The attributes of blockchain technology are ideally suited to large networks of disparate partners. A distributed ledger technology, blockchain establishes a shared, immutable record of all the transactions that take place within a network and then enables permissioned parties access to trusted data in real time.
By applying the technology to a variety of business processes, a new form of command and consent can be introduced into the flow of information, empowering multiple partners to collaborate and establishing a single shared view of a transaction without compromising details, privacy or confidentiality.
The hallmark of IBM’s blockchain business has been the ability to convene broad groups of network participants to embrace a collaborative platform approach to blockchain adoption. Clients are capitalising on the opportunity for greater trust and transparency using blockchain across a variety of industries, for example to better manage the reconciliation of international mobile phone roaming charges, securing digital identity for citizens, and complying with new European banking directives on customer communications.
With more than 500 blockchain projects globally, IBM is engaged across all industries, where European projects in particular are on the rise, where, according to IDC, “blockchain spending in Europe is now growing faster than anywhere else.”
“From large enterprises to start-ups, across multiple industries, businesses across Europe are selecting IBM Blockchain,” said Andrew Darley, IBM Blockchain Platform Leader, Europe. “Clients are attracted by the production-readiness of the IBM Blockchain Platform, allowing them to run highly secure networks in any environment of their choosing, on premise, via IBM Cloud, or an increasing number of other industry cloud providers.”

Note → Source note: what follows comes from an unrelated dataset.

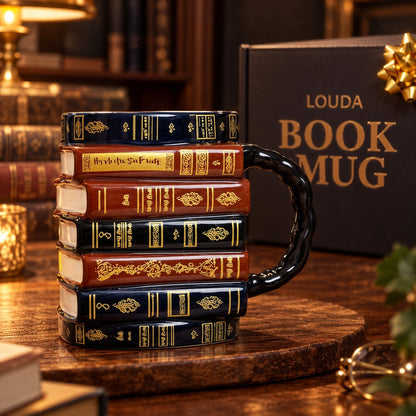 3D Stacked Vintage Book Mug: Cozy Library Style Coffee Cup for Book Lovers, Reading Nook & Home Desk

For example, Telefónica and IBM are collaborating in the development of a proof of concept (PoC) based on IBM blockchain technology to help solve one of the major challenges of communications service providers, the management of international mobile phone call traffic. The project helps to resolve the veracity and traceability of information generated by different service providers when they route an international call.
Using a decentralized network that provides participating members secure access, fraudulent behaviors and discrepancies between the information recorded by each provider are significantly reduced.
The Central Bank of the Republic of Azerbaijan and IBM are developing a Digital Identification System based on Hyperledger Fabric, A Linux Foundation framework, to verify the reliability of the documents related to both individuals and legal entities for use with banks, credit providers and similar organizations. The new system will simplify and automate the “Know Your Customer” validation process, and will be used by both clients and credit organizations serving citizens of Azerbaijan.
Finnish retail cooperative S-Group is testing their Pike-perch radar solution, which is based on IBM Blockchain technology, as part of the retail group’s strategy to improve customer experience. Customers in Finland can trace a fillet of pike or perch freshwater fish back to its home waters using the QR Code on the package of “Kotimaista-kuhafile” fish, or by logging in to a tracking website.
PKO Bank Polski has implemented a blockchain-based “durable medium” platform built together with KIR (Krajowa Izba Rozliczeniowa S.A. – Polish automated clearing house) in partnership with IBM and Accenture, to help the bank achieve compliance with the European Union Payment Services Directive related to customer communication. Now the client documents and communications sent digitally to more than 5 million customers of the bank will be held in a highly secure blockchain-based repository.
The Central Securities Depository of Poland (Krajowy Depozyt Papierow Wartosciowych, KDPW) has implemented their eVoting solution, designed to encourage greater retail shareholder participation in company Annual General Meetings (AGM), and ensure transparency to regulators on the history of AGM agendas, and voting results. The network is in production.
Startup software developer Comgo.io, with support from IBM, is digitizing the entire donation and spend process for Non-Governmental Organizations (NGOs) using Hyperledger Fabric. NGO donors can see in real time what money has already been spent and the activities supported. For example, when charity workers in India purchase hygiene products for the street children they support, the payment is tracked on a mobile phone, and written to the blockchain, allowing approved network participants to see the transactions, and triggering the NGO responsible to verify that the children did actually receive the products.
The application enhances transparency to build a deeper connection between the donors and the charity, and helps donors to understand more about the work of the NGO. Comgo.io is implementing the application with 7 NGOs: Fundación Recover; Orden de Malta; Fundación Exit; Farmacéuticos sin Fronteras; KUBUKA; Itwillbe, and homelessentrepreneur.
Much of the momentum can be attributed to the ease of use of the IBM Blockchain Platform and the open nature of the Linux Foundation’s Hyperledger Fabric blockchain framework, underscored by IBM’s deep blockchain and industry expertise.